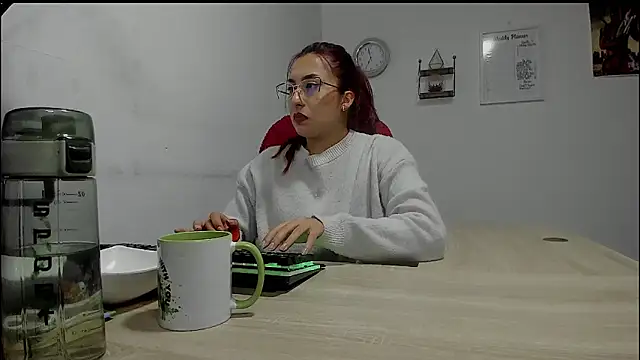 Snapshot of Scarlett_Sen chatting on February 15, 1:38 pm Scarlett Sen online show from February 15, 1:38 pm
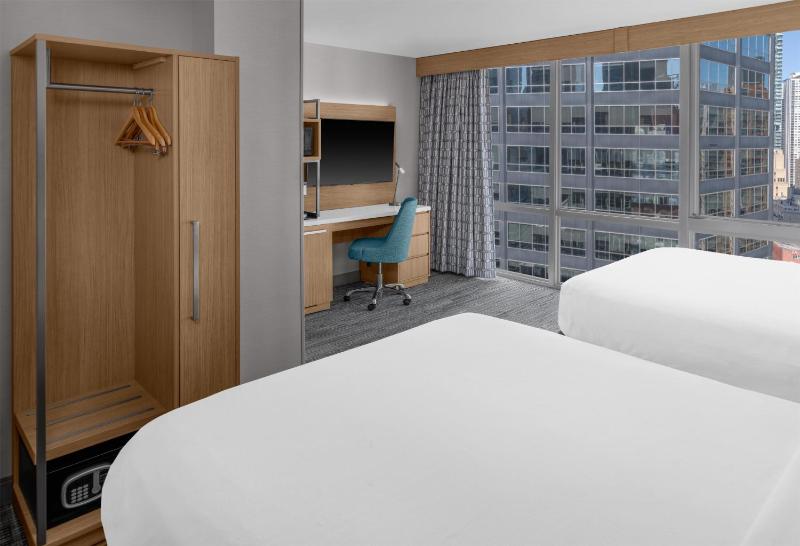 Hilton Garden Inn New York/Manhattan-Midtown East - image 15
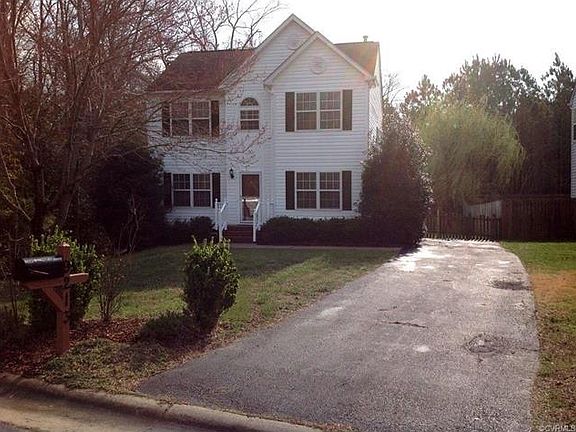 2nd image of 9213 Brookwood Glen Dr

********

WHAT THE TASK ASKS
Only the lines from the one containing "Hilton Garden Inn" through the final line of the material should appear in the answer, copied exactly and without any picture.

RESPONSE TO THIS TASK
 Hilton Garden Inn New York/Manhattan-Midtown East - image 15
 2nd image of 9213 Brookwood Glen Dr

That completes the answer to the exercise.